- Introduction
- Interactive System for Numerical Linear Algebra
- Direct Implementation with Compiled Language
- Using Specialized Libraries: BLAS and ATLAS
- Conclusion
- Problems
- Discussion

## Introduction

Matrix multiplication is a common operation required to implement different numerical algorithms. Its definition is pretty simple and it is assumed that you already know it. If you are in doubt, please refresh your knowledge in Wikipedia

http://en.wikipedia.org/wiki/Matrix_multiplication#Ordinary_matrix_product

before proceeding further. You need only section 1 “Ordinary_matrix_product” and actually subsection 1.1 “Calculating directly from the definition” will suffice.

The goal of this chapter is to review how this can be efficiently implemented with a programming language.

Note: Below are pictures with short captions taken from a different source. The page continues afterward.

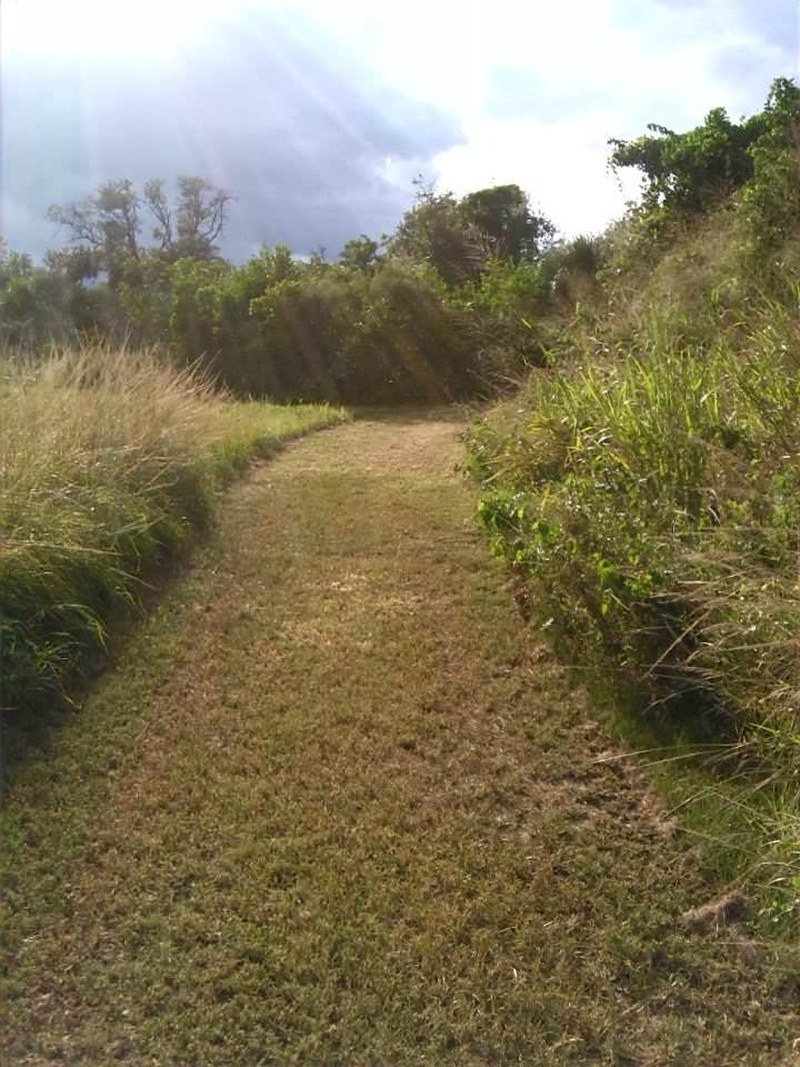 Rays From Heaven At Pelican Island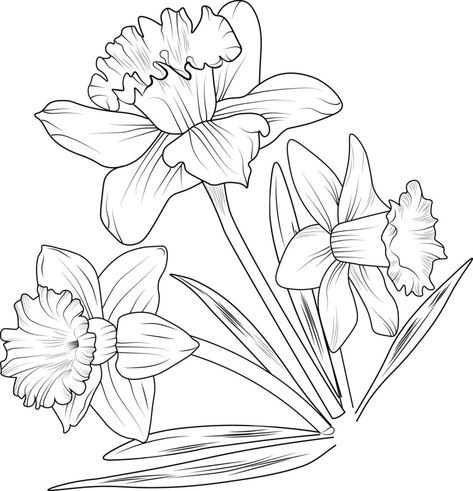 Daffodil flower Black outline drawing is perfect for coloring pages or books for children or adults. Daffodil Outline Drawing, Daffodil Outline, Flower Outline Drawing, Flower Outline, Outline Drawing, Daffodil Flower, Books For Children, Children Books, Flower Black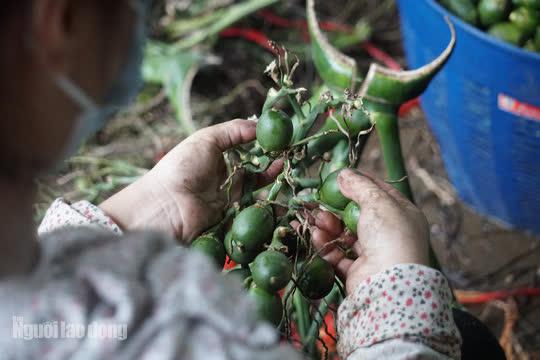 Cau sau khi bẻ khỏi cọng sẽ được tập kết...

We start with an interactive system for numerical linear algebra (module NumPy in Python), then continue with compiled languages (Fortran, C, C++) and finally consider specialized libraries (BLAS and ATLAS).

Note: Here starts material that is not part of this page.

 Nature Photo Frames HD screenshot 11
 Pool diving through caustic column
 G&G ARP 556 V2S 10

I have used GCC and GNU Make to compile all examples but any other compiler should do the job as well. The version of gcc employed was 3.4.4 under Cygwin 1.5 on Windows.

## Interactive System for Numerical Linear Algebra

The easiest start for numerical linear algebra nowadays is through interactive systems, that is, by means of an interpreted language. I will use the module NumPy in Python to demonstrate such systems but the results obtained should be common to other systems, for example, Matlab or Mathematica. It should be not too difficult to perform these computational experiments with any other system.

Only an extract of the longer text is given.